Tant de noirceur , d'inconstance et de cruauté ne seraient pas si modernes finalement ... Et ce qui serait plutôt de notre temps serait la notion d'intérêt supérieur de l'enfant et le respect que l'on cherche à lui garantir en tant que personne à part entière, dans les jugements de divorce contemporains.

Alors, certes, le sujet semble passionnant, quoique malsain et inconfortable. 
Mais,fichtre, que ce récit m'a semblé long ! De fait , pas loin de quatre cents pages.
 Il faut dire qu'il a paru d'abord en feuilleton, en 1897, ceci explique peut-être cela. 
On ne saurait probablement incriminer la traduction de Marguerite Yourcenar, mais le style est curieusement inégal, tantôt fulgurant mais aussi parfois un peu flou au contraire (il m'est arrivé de relire plusieurs fois une phrase pour comprendre ce qu'elle voulait vraiment dire)

La narration prétend représenter le point de vue de Maisie, son ressenti ; ce but n'est que partiellement atteint, à mes yeux, tant il est difficile de parler pour un enfant, en son nom.

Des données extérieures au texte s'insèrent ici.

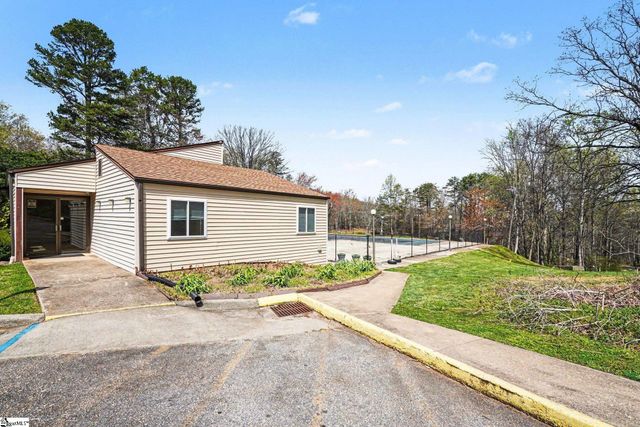 1106 Charter Oaks Drive, Taylors, SC 29687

Ce qui est vrai  en revanche, c'est qu'on finit par se sentir comme elle totalement désorienté, bousculé, déstabilisé. Nié pratiquement. Maisie devient tour à tour un enjeu et un boulet pour des parents indignes et des beaux-parents qui ne le sont pas moins. Immatures, inconstants, égocentriques et vains. Un vrai jeu de massacre ... aucun adulte n'en sort grandi. 
Mais le côté bavard et redondant de l'oeuvre m'a gênée. Je crois que je ne comprends pas bien le Henry James de la maturité, qui est pour moi une sorte de Proust anglo-américain (intelligence et introspection) ...mais avec un coeur froid.
 Je lui préfère le jeune Henry James, qui m'avait tant enchantée l'été dernier avec "Washington Square" (1880) : pas un mot de trop, du "dégraissé", et pourtant sulfureux déjà, ô combien...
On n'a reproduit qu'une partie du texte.